--- RECORDS SUPPLIED Enclosed Below ---
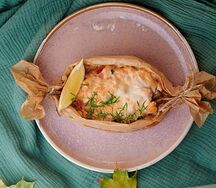 Запеченный лосось с брокколи и грибами под сырной корочкой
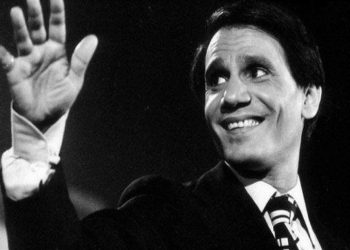 لأول مرة..نجل شقيق عبد الحليم حافظ يفتح أبواب منزل العندليب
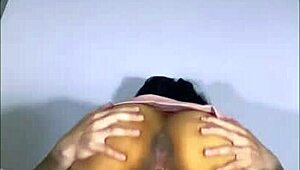 Boss's stepdaughter is so hot, she makes me breathless 😍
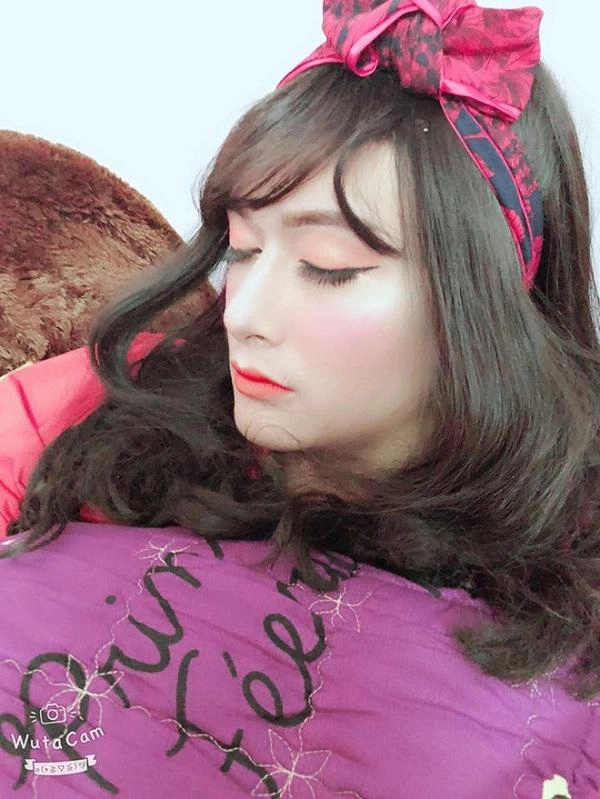 Trang điểm cho vui cô gái chết điếng trước dung mạo xinh đẹp của bạn trai khi hóa nữ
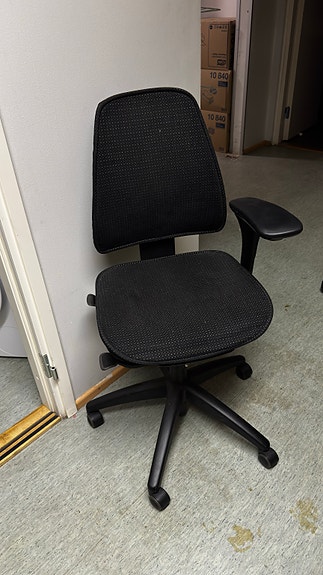 Säädettävä Toimisto tuoli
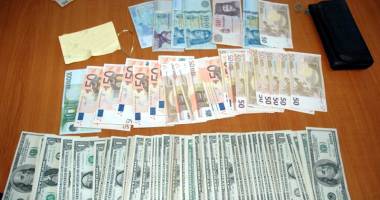 Jefuiau bătrâni după ce le spuneau povești lacrimogene - 5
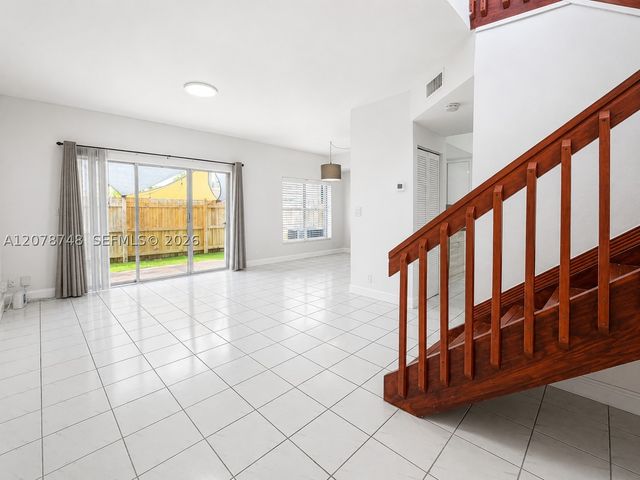 8210 NW 191st Ln 19L, Hialeah, FL 33015
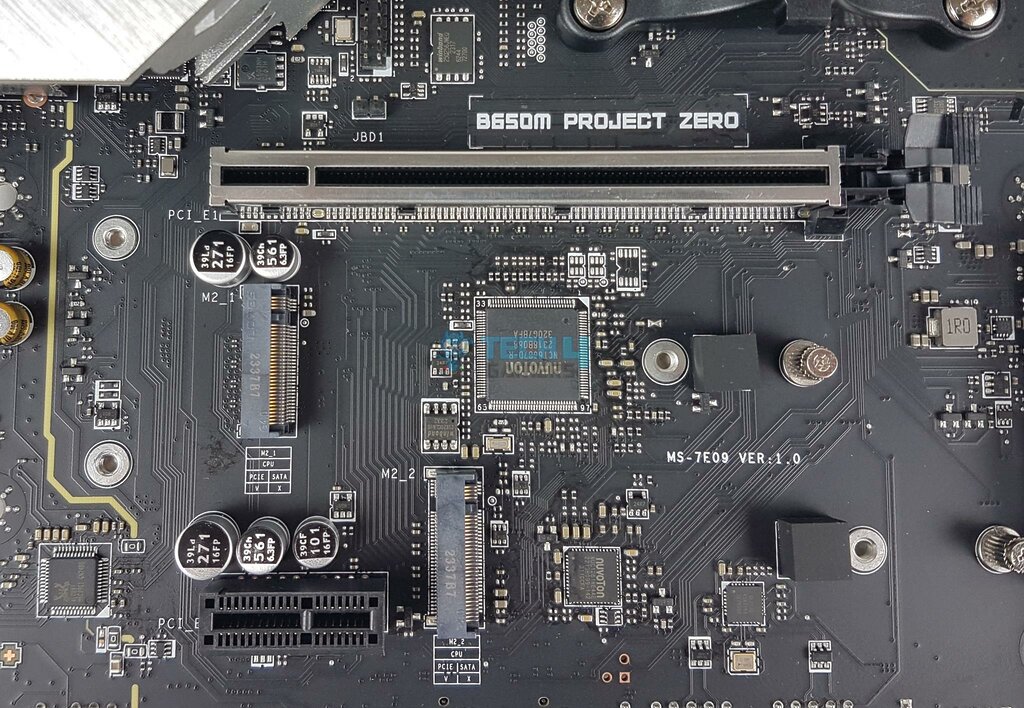 MSI B650M Project Zero — PCIe Slots 1024x70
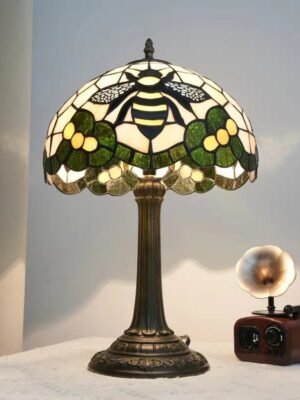 Lampa witrażowa w stylu Tiffany. Mucha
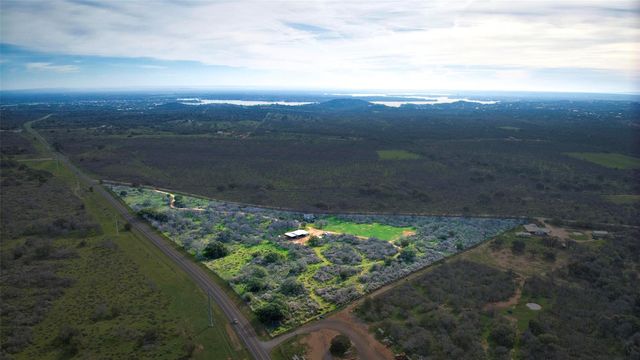 701 CR 316, Llano, TX 78643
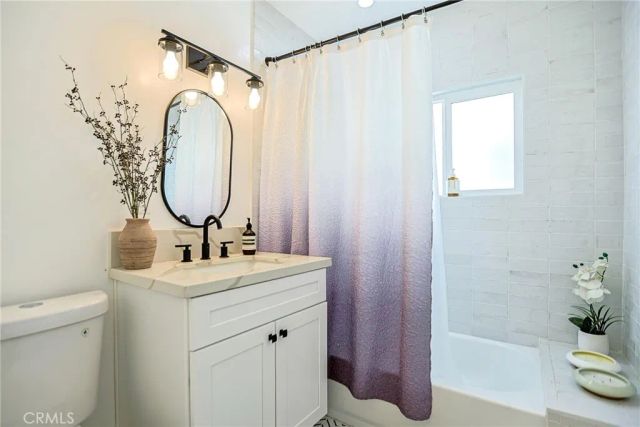 9450 S Harvard, Los Angeles, CA 90047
--- End of Enclosed RECORDS SUPPLIED ---
• _TO DO_: Set down each entry above word for word, without its pictures.

• _TASK OUTPUT_:
 Запеченный лосось с брокколи и грибами под сырной корочкой
 لأول مرة..نجل شقيق عبد الحليم حافظ يفتح أبواب منزل العندليب
 Boss's stepdaughter is so hot, she makes me breathless 😍
 Trang điểm cho vui cô gái chết điếng trước dung mạo xinh đẹp của bạn trai khi hóa nữ
 Säädettävä Toimisto tuoli
 Jefuiau bătrâni după ce le spuneau povești lacrimogene - 5
 8210 NW 191st Ln 19L, Hialeah, FL 33015
 MSI B650M Project Zero — PCIe Slots 1024x70
 Lampa witrażowa w stylu Tiffany. Mucha
 701 CR 316, Llano, TX 78643
 9450 S Harvard, Los Angeles, CA 90047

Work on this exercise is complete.